**Task:** Although the entries contain pictures, repeat only their words, exactly as written.
[Opening Data section]
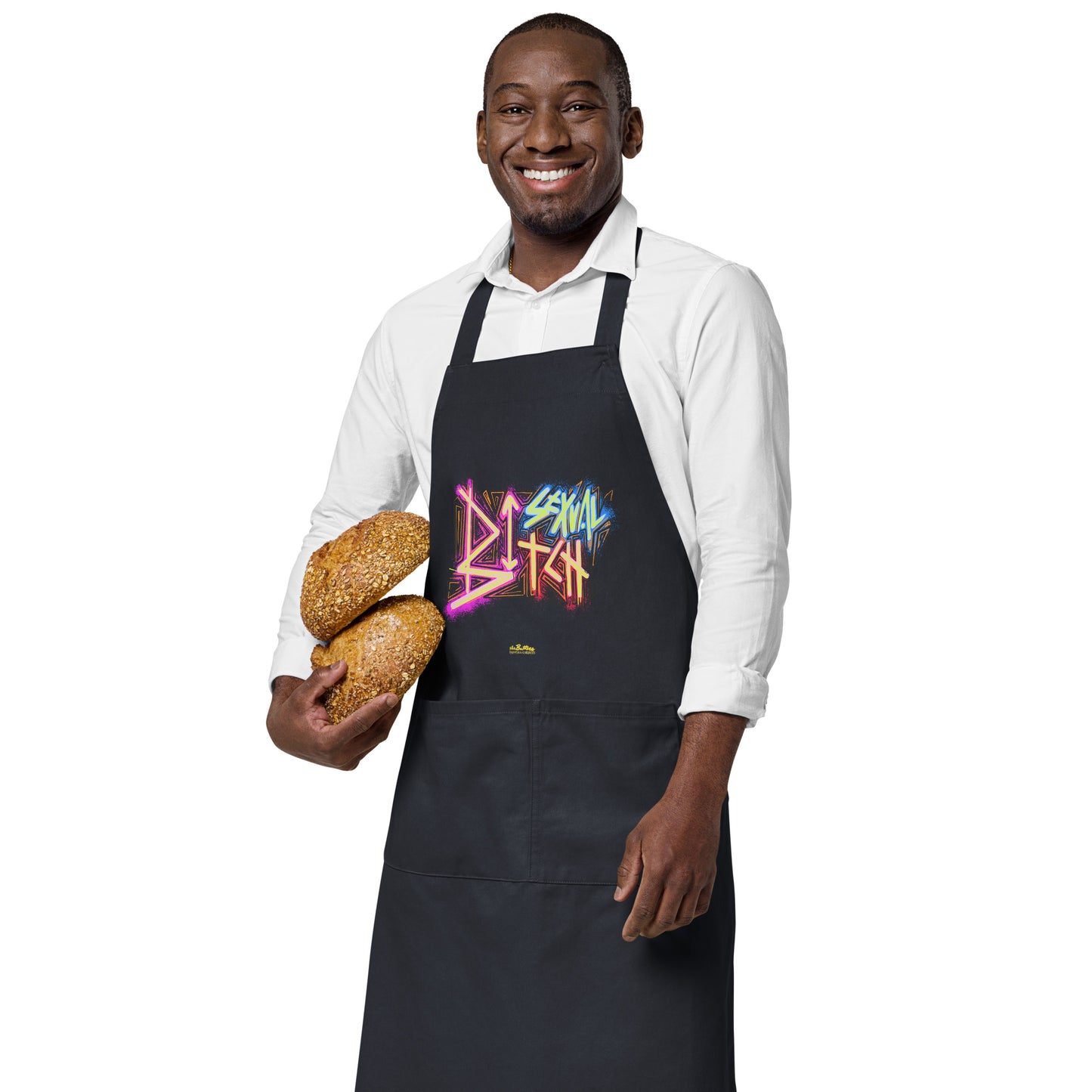 Bisexual Bitch Organic Cotton Apron w Pocket [Multiple Colors] [FREE SHIPPING]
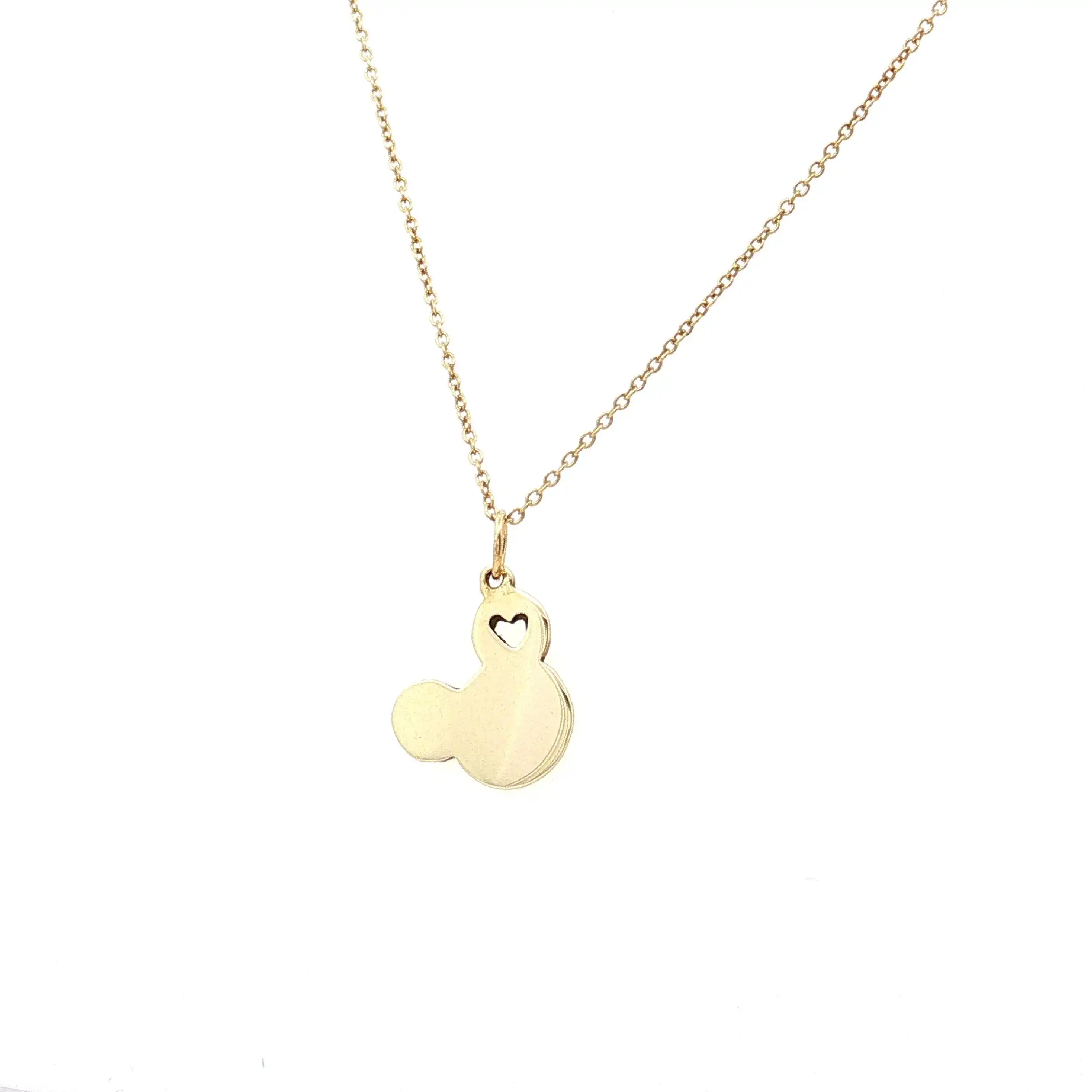 Kette mit Anhänger Gelbgold Mikey Mouse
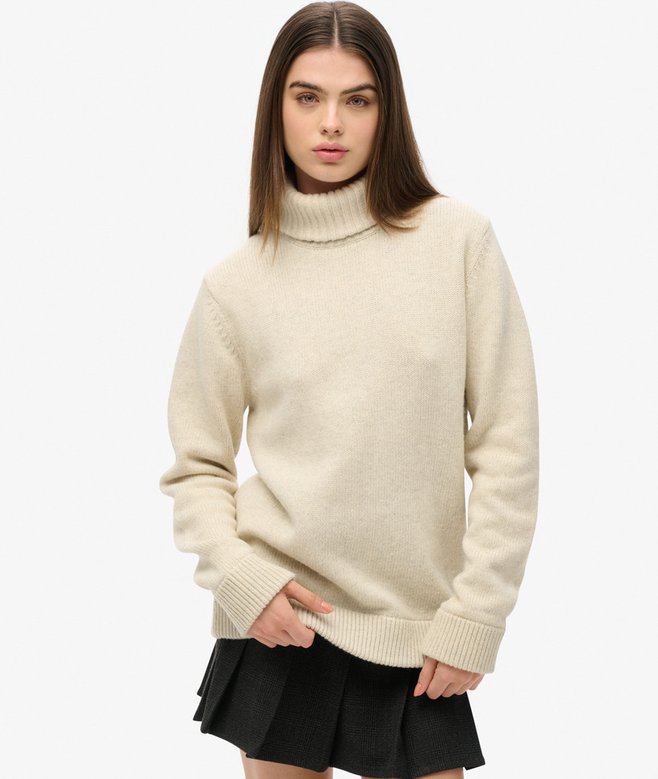 The Merchant Store - Oversized Roll Neck Jumper Price £42.49 Price reduced from £84.99 to You Save 50%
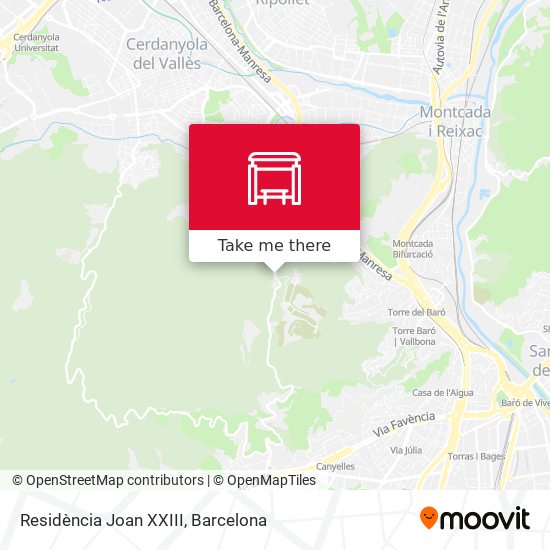 Residència Joan XXIII map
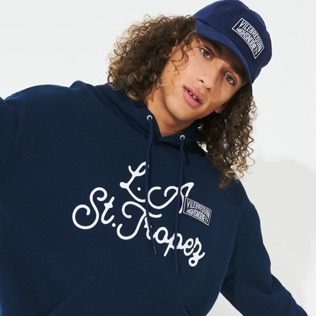 Hombre Autros Bordado - Gorra para hombre - Vilebrequin x Highsnobiety, Deep blue supp1 Hombre Autros Bordado - Gorra para hombre - Vilebrequin x Highsnobiety, Deep blue supp1
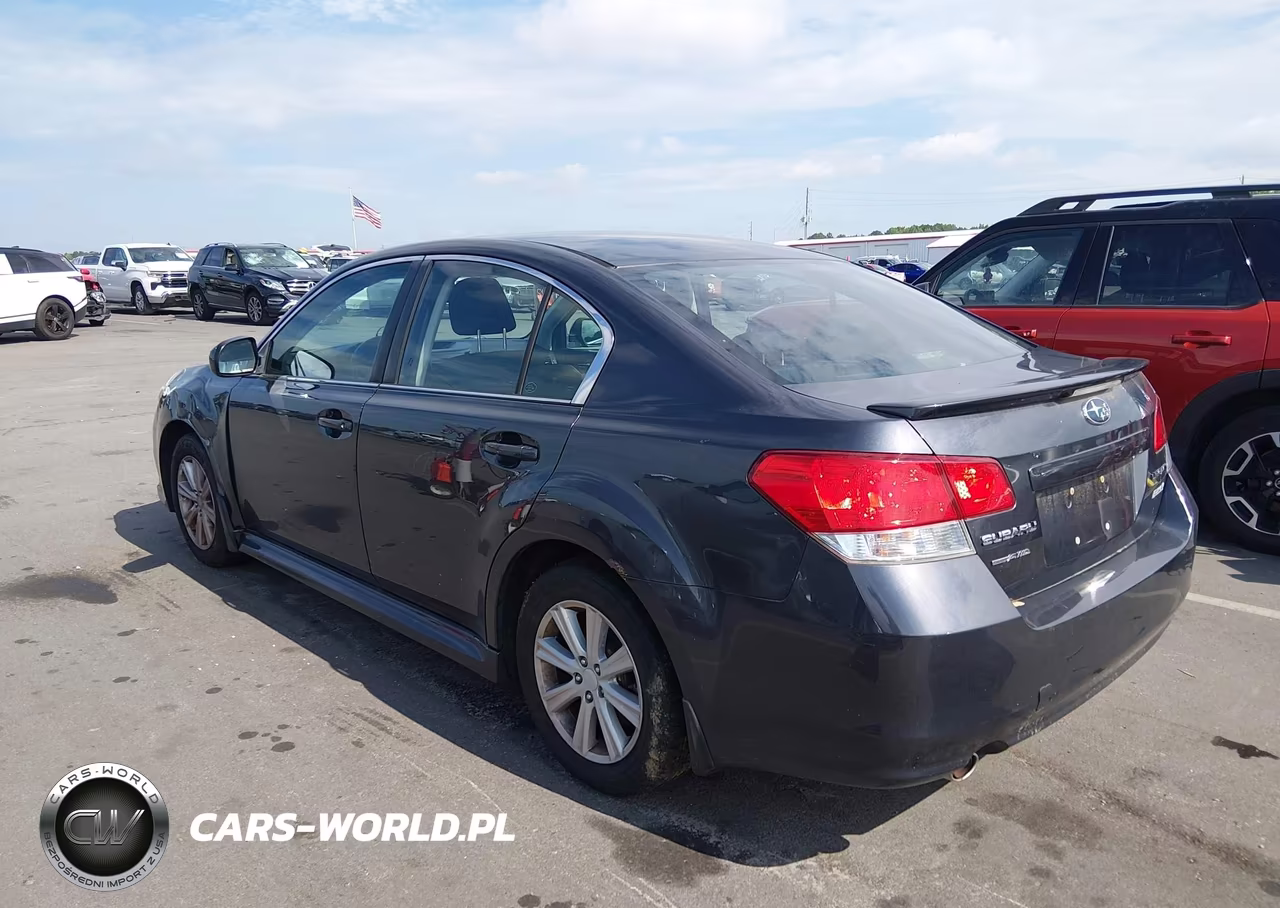 2011 Subaru Legacy 2.5I Premium VIN:4S3BMBG67B3259461 - 3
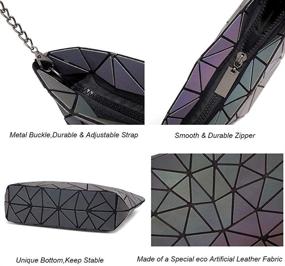 img 1 attached to DIOMO Geometric Holographic Reflactive Crossbody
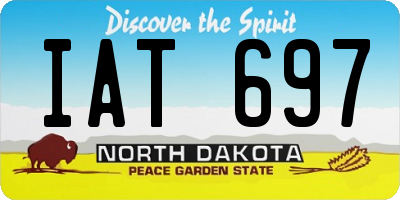 ND license plate IAT697
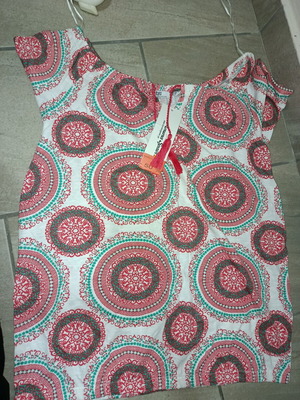 Printed summer blouse new with tag, size XL 42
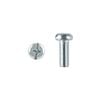 Pinnacle M8 x 35mm Zinc Plated Round Head Bolts And Nuts - 4 Pack
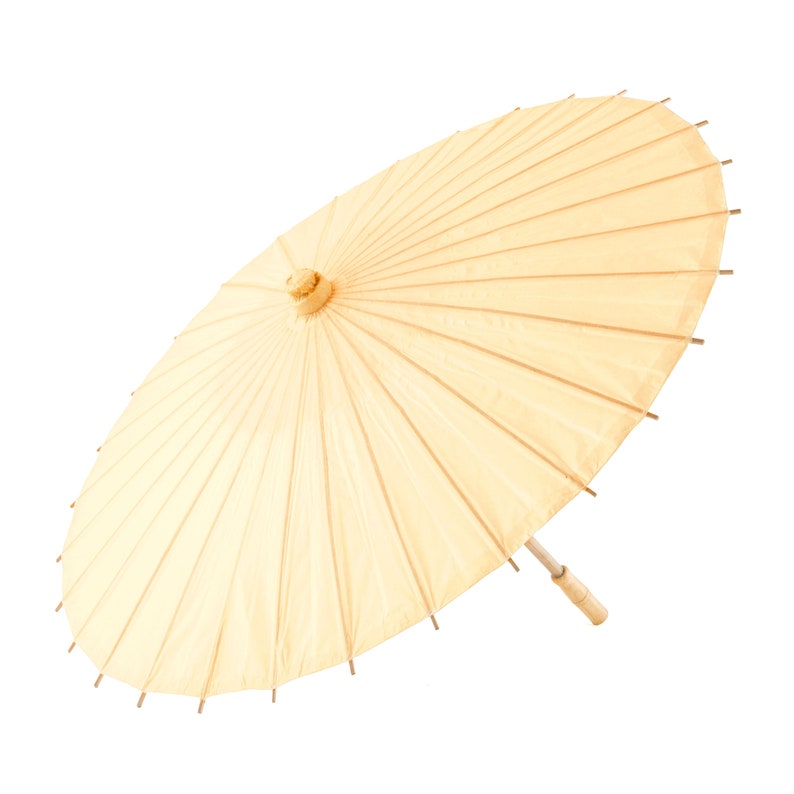 32 Paper Parasols for Wedding Pictures Outdoor Wedding Ceremony Beach Wedding Paper Umbrella Sun Umbrella 12 Colors to Pick From zdjęcie 8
[Closing Data section]
**Task solution:**
 Bisexual Bitch Organic Cotton Apron w Pocket [Multiple Colors] [FREE SHIPPING]
 Kette mit Anhänger Gelbgold Mikey Mouse
 The Merchant Store - Oversized Roll Neck Jumper Price £42.49 Price reduced from £84.99 to You Save 50%
 Residència Joan XXIII map
 Hombre Autros Bordado - Gorra para hombre - Vilebrequin x Highsnobiety, Deep blue supp1 Hombre Autros Bordado - Gorra para hombre - Vilebrequin x Highsnobiety, Deep blue supp1
 2011 Subaru Legacy 2.5I Premium VIN:4S3BMBG67B3259461 - 3
 img 1 attached to DIOMO Geometric Holographic Reflactive Crossbody
 ND license plate IAT697
 Printed summer blouse new with tag, size XL 42
 Pinnacle M8 x 35mm Zinc Plated Round Head Bolts And Nuts - 4 Pack
 32 Paper Parasols for Wedding Pictures Outdoor Wedding Ceremony Beach Wedding Paper Umbrella Sun Umbrella 12 Colors to Pick From zdjęcie 8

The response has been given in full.